#### [Exercise materials]
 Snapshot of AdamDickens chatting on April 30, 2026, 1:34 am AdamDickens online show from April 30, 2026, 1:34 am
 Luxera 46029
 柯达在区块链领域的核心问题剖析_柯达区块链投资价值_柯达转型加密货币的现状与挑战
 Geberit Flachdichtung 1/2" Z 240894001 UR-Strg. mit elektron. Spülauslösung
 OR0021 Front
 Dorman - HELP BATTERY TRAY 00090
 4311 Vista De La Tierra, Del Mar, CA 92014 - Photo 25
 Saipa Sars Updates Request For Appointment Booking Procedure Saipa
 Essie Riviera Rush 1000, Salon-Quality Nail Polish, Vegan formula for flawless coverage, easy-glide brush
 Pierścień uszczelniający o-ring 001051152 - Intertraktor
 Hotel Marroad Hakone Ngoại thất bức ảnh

---

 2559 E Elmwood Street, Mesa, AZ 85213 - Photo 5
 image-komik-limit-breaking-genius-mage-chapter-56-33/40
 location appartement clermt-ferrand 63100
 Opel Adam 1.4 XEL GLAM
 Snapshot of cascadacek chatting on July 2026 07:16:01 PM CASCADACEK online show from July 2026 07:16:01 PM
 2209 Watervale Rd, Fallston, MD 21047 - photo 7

#### [Assignment]
Please give back, exactly as it stands above, the stretch from the line with "image-komik-limit-breaking-genius-mage-chapter-56-33/40" through the line with "2209 Watervale Rd, Fallston, MD", and no line outside it.

#### [Written reply]
 image-komik-limit-breaking-genius-mage-chapter-56-33/40
 location appartement clermt-ferrand 63100
 Opel Adam 1.4 XEL GLAM
 Snapshot of cascadacek chatting on July 2026 07:16:01 PM CASCADACEK online show from July 2026 07:16:01 PM
 2209 Watervale Rd, Fallston, MD 21047 - photo 7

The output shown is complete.